LucysFlowers agony auntIf she has plenty of shirts, yet she borrowed your shirt and went around wearing it, that sounds like she wants to be close to you but she is conflicted. what about her jealous girlfreind? could she be encouraging your girlfriend to split up with you just to get herslef closer to you? because your girlfriend sounds lieke someone is advising her that she should dump you but she does not want to. She gets out the car to hug and kiss you. A girl does that when she is sad that she is going to miss you.

Perhaps she is someone who thinks you are too good to be true when she has not met someone as nice as you befroe. If she drops you she is going to get a real shock and find that not all other boys out there are as responsible as you. Dont sit home getting sad but dont listen to any stupid guys who tell you to go and check out every girl you see. That would give her jealous bitchy friend ammunition to be able to say, "look he's a womaniser"

But if her bitchy jealous friend comes on to you then you might have identified the snake in the grass who has been advising her to dump you. I think give her six months and your girlfriend may realise she made a wrong decision.

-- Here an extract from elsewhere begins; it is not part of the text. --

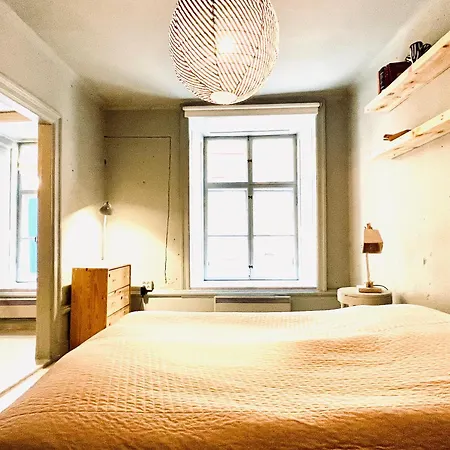The Architects' House * Stockholm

But if your girlfriend is feeling the pull of wanting to be like her mother then I think you will have to distance yourself from you as it would destroy you to see your beloved girlfriend mess up her life like that.

Keep youself fit while your girl friend is busy doing her thing so she is constantly reminded of your fit body every time she passes you in the hall. I am sure you can work out some ways to do some subtle flirting without touching. if she starts to come back to you don't push her away like she is pushing you away. She knows you are the one but something or someone is stopping her from facing the truth.